Aunque existe una cierta tradición, me parece que estamos construyendo un panorama literario cada vez más amplio y más complejo de la experiencia migratoria como tema, sin duda. Nombres como Valeria Luiselli o Lina Meruane son de mis favoritos. Sin embargo, tengo la sensación de que hay muchos movimientos migratorios sobre los cuales no nos hemos detenido o, si lo hemos hecho, ha sido desde una perspectiva más ajena, de quien recibe. Me pregunto mucho sobre la inmigración africana en Europa, por ejemplo y, al mismo tiempo, me pregunto dónde están esas historias, quién las va a contar y cuándo, desde qué posición. Me cuestiono cuál es el lugar de la literatura en medio de un conflicto tan grande y tan cruel, tan extendido en el tiempo. Sé que lo tiene, claro, pero como escritora, cada cierto tiempo esas dudas me asaltan. Luego pasa, y escribo.
¿Cómo lee usted desde Brasil la manera en que la literatura está narrando Latinoamérica?

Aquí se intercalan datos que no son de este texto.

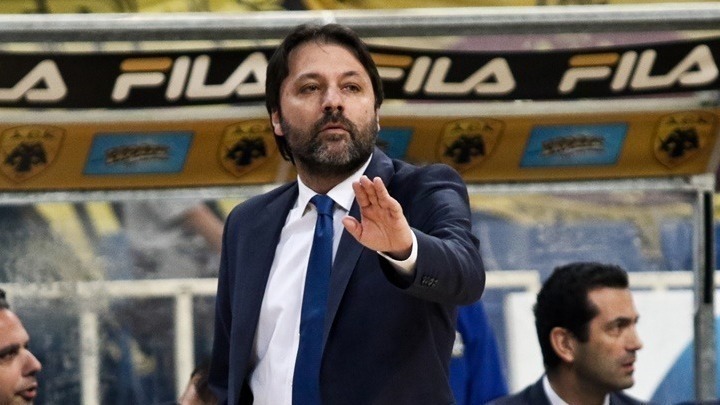 Σερέλης για Λαύριο: «Ένα τεράστιο θαύμα… »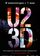 U2 в 3D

La literatura contemporánea está bastante dedicada a lidiar de una forma más frontal y menos romántica con asuntos que antes tenían que abrirse espacio un poco a la fuerza en el país. Cuestiones como el racismo estructural, por ejemplo, aunque estén muy lejos de ser resueltas, están ganando cada vez más un espacio literario, tanto en las páginas de los libros (Um defeito de cor, O avesso da pele, Louças de família, por mencionar apenas tres bellísimos ejemplos), como en la presencia creciente de personas negras e indígenas en ferias y eventos literarios. Creo que algo semejante ha venido ocurriendo con el espacio de las mujeres y de la comunidad LGBTQIA+. Siento que falta un poco de valentía para encarar algunos asuntos, principalmente en la historia política contemporánea, pero me parece que esto, más que estar en los escritores, está en las editoras y sus apuestas de mercado. Ya veremos cómo libros como el mío, por ejemplo, o como el de Martha Hernández Cadenas, La puta y el hurón, son recibidos por estas tierras. Aquí hay, como en el resto del mundo, una gran hambre de literatura latina y principalmente de literatura latina escrita por mujeres, y sabemos que son nombres que no se conforman con contar la historia de amor o familiar pequeñoburguesa, sino que no tienen miedo de llamar las cosas por su nombre, de contar los lugares que antes no cabían en la foto, de ensuciarse las manos y decir: esto somos y a esto vamos, con una riqueza estética y ética que me fascina. Es impresionante cómo nuestros relatos y nuestras experiencias, las ancestrales y las contemporáneas, se repiten en nuestros países, al mismo tiempo que con singularidades riquísimas. Yo celebro realmente este momento y me alegra mucho hacer parte de esta generación.